My name is Paul Sterling, and I destroyed my life with my own hands. I was born into privilege, raised to inherit an empire. My family owned one of the largest architectural firms in the country, a business that had grown into a massive real estate dynasty. I was the sole heir to it all. Wealth, power, status—whatever a man could want, I already had.
I was sharp, polished, and strategic, trained from childhood to read people in seconds and always stay three moves ahead. Straight A’s, perfect records, flawless execution—I had been great at everything I touched. Everything, except her.
I met my wife at something as ridiculous as a bake sale. I had only gone because my sister begged me to take my niece, and there she was—behind a stall, selling cakes from her little bakery. She was sunshine in human form. The kind of woman who could walk into a storm and make it feel like spring. She laughed easily, smiled constantly, and had a light in her that blinded me. I fell for her that day, hopelessly and irreversibly.
Dates followed, then our first kiss. The kind of kiss that ruins every kiss after it. Within a year, I proposed, and she said yes. We married at the Biltmore Estate—grand, extravagant, and perfect. The honeymoon was a dream. For two years, my life was paradise. She was my anchor, my compass, my entire world.
Then she told me she was pregnant. I thought life couldn’t get better. I baby-proofed our estate, hired the best designers to craft a nursery fit for royalty, and hovered over her like a man possessed. Every two hours, I’d remind her to eat, drive her to every appointment myself. When the doctor revealed it was twins, I laughed while she cried from fear. I promised her I would carry every ounce of that burden for her.
But reality was crueler than my promises. The pregnancy was high-risk. The word miscarriage hung over us like a death sentence. Her body grew heavy, her moods unpredictable. Hormones, exhaustion, endless morning sickness—it all stripped her of the sparkle that once consumed me. And here is where I became a monster. She would ask if my distance was because she had gained weight. I told her no. I lied. But the truth was uglier: I found myself resenting her, finding her less attractive every day.
And so, while she carried my children, I betrayed her. I slept with a model I met at a business meeting. For an entire month, while my wife—six months pregnant—suffered, I was sneaking around. It was inevitable she would discover the truth. The late nights, the hidden texts, the lipstick on my shirt. She confronted me, eyes wide, broken. I confessed. She screamed, she sobbed, and then she left—bags packed, retreating to her mother’s house, leaving me alone in the mausoleum of our marriage.
I blocked the woman I cheated with, tried calling my wife a hundred times, drowned myself in alcohol, and passed out. By morning, divorce papers sat on my desk like a death warrant.

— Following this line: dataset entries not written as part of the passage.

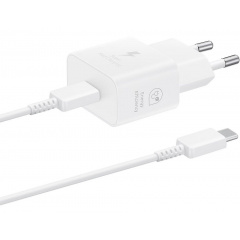 Сетевое зарядное устройство Samsung 25W Travel Adapter + Type-C cable White (EP-T2510XWEGEU) (6921949) Харків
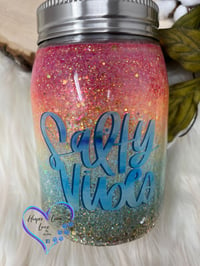 Image 4 of 20oz Salty Vibes Mason Jar 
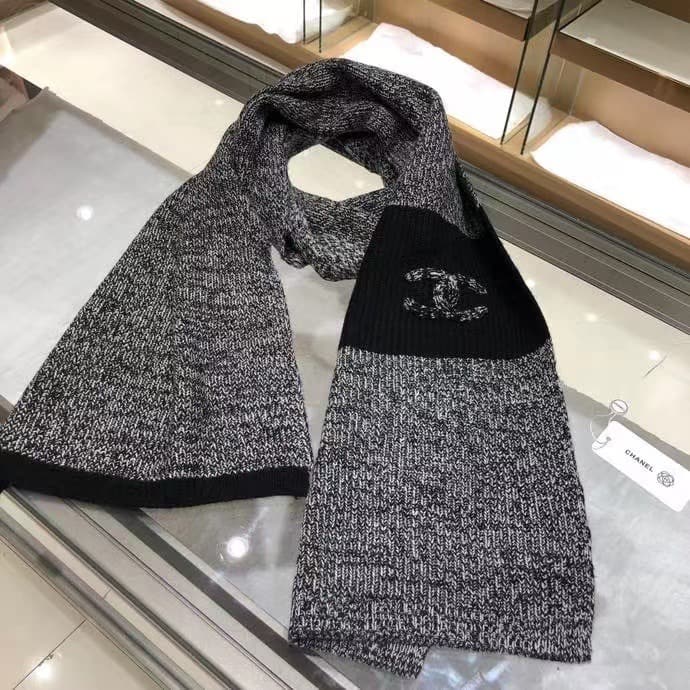 Chanel Chanel Review 👑👑 24 24b Knitted Scarf Cashmere Long Scarf!!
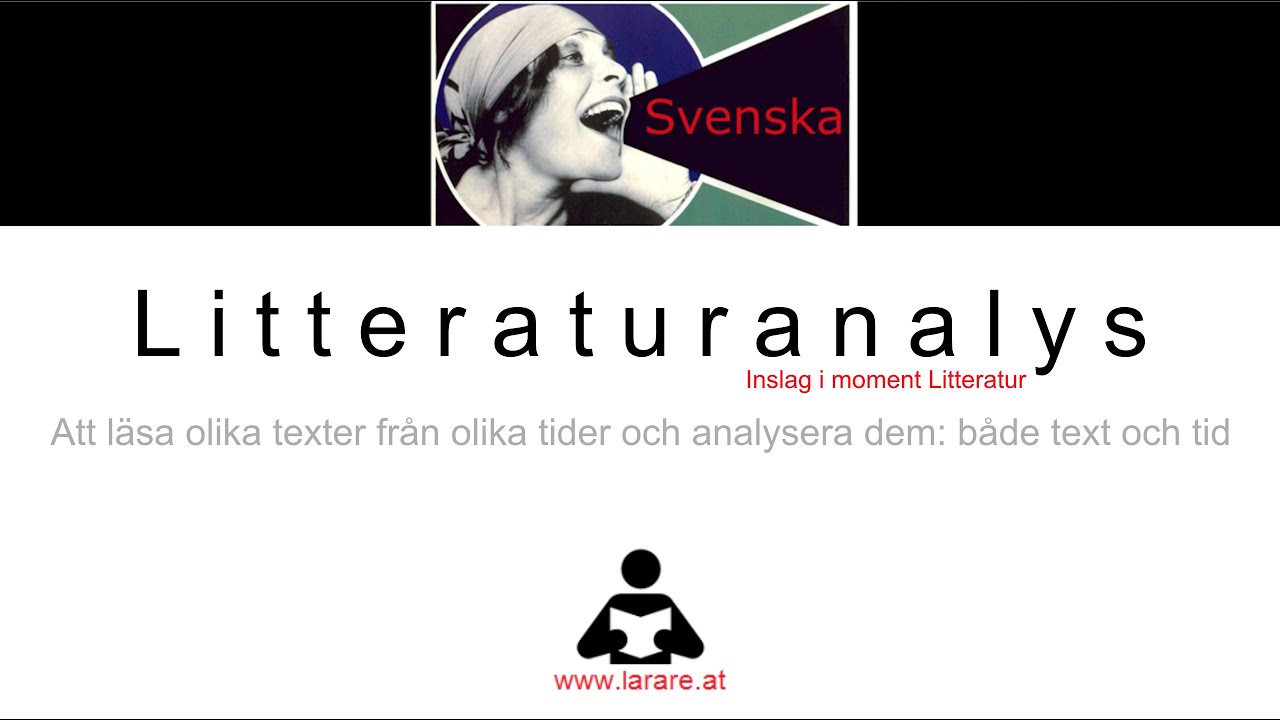 Webblektion: litteraturanalys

But I refused. I couldn’t let her go. I had shattered her heart, but I still loved her. I couldn’t accept the end, so I hired the best lawyers money could buy and dragged her through court, selfishly chaining her to the very man who ruined her.
Now, each postponed trial is another day of torture. I sit in the courtroom, staring at her swollen belly, her tired eyes dulled of all their light. She looks at me like I’m already dead to her. And I wonder, with a bitterness I deserve, if she will ever forgive me—or if my children will be born into the wreckage I created.